Jason Woods is president of the DC Fire Fighters Burn Foundation which is as been helping out with the burn camp.
"The burn camps are an amazing way for us to provide programs for young burn survivors where they can be with peers who have experienced some of the same unfortunate events that they have," Woods says.
Assistant Burn Camp Director David Petracelli says the youngsters are from all over the US and Canada.
"I think we're giving them skills and defense mechanisms to be able to survive and feel good about themselves," Petracelli says.
Among them are 14-year-old Dennis from Detroit, who was severely burned when he was only five years old leaving scars over much of his body. For him this is great.
"I'm not as self-conscious as usual, feels like.
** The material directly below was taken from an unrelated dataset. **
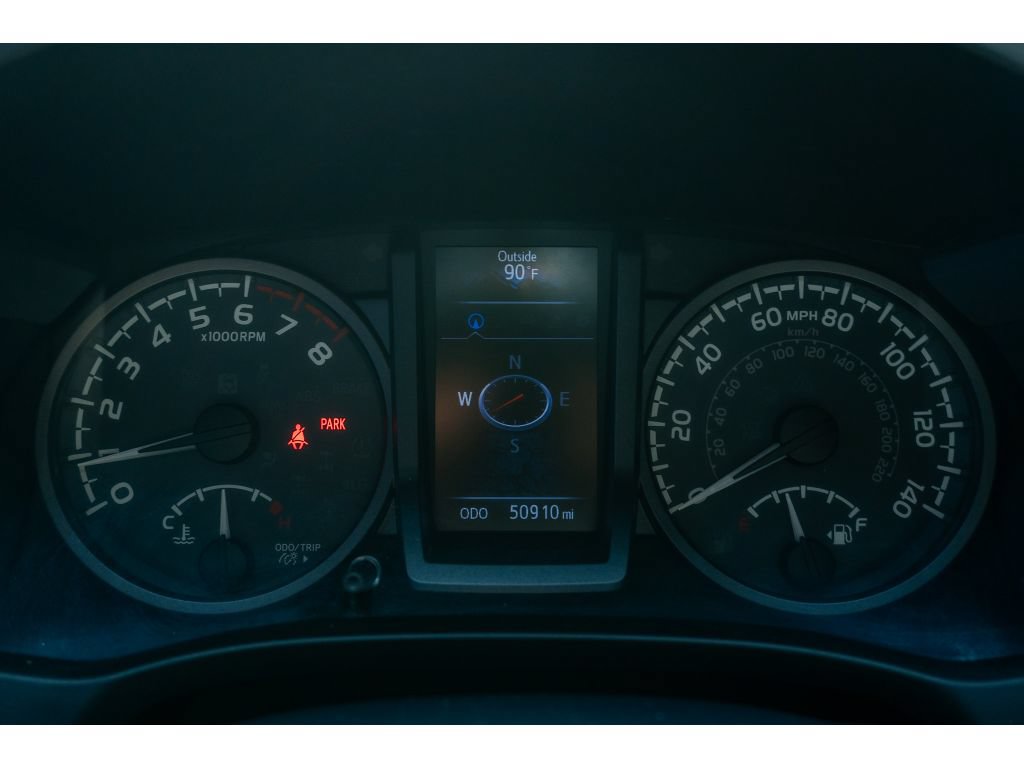 Used 2019 Toyota Tacoma TRD Off-Road AWD/4WD image 21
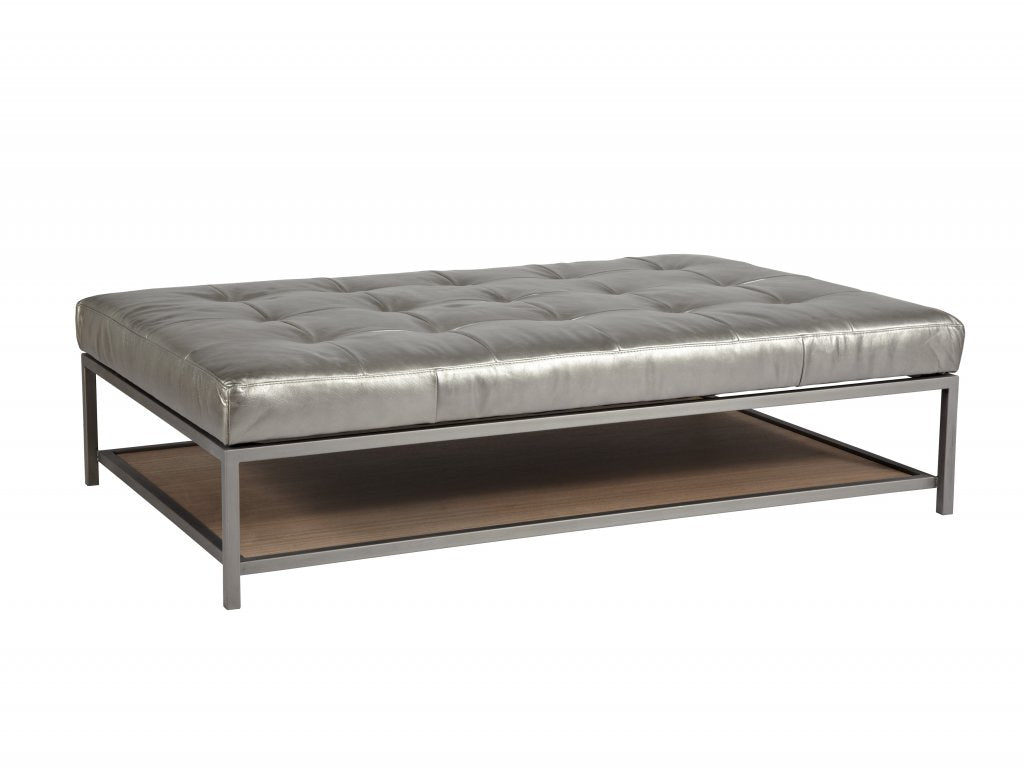 Jonathan Louis Randall Estate Cocktail Ottoman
You go swimming and you don't have to worry about people staring at you, asking questions. I like it a lot," Dennis says.
In addition to seeing the monuments and museums, campers were expected to meet with national leaders and local firefighters. And they spent a night at Camp Wabanna in Edgewater, Md., to take part in team building and peer support activities, the IAFF says.
Each year, the foundation chooses burn survivors between the ages of 13 and 15 years old from regional burn camps held across the country to attend the international camp. A boy from Silver Spring, Md., was among those chosen to attend this week's camp.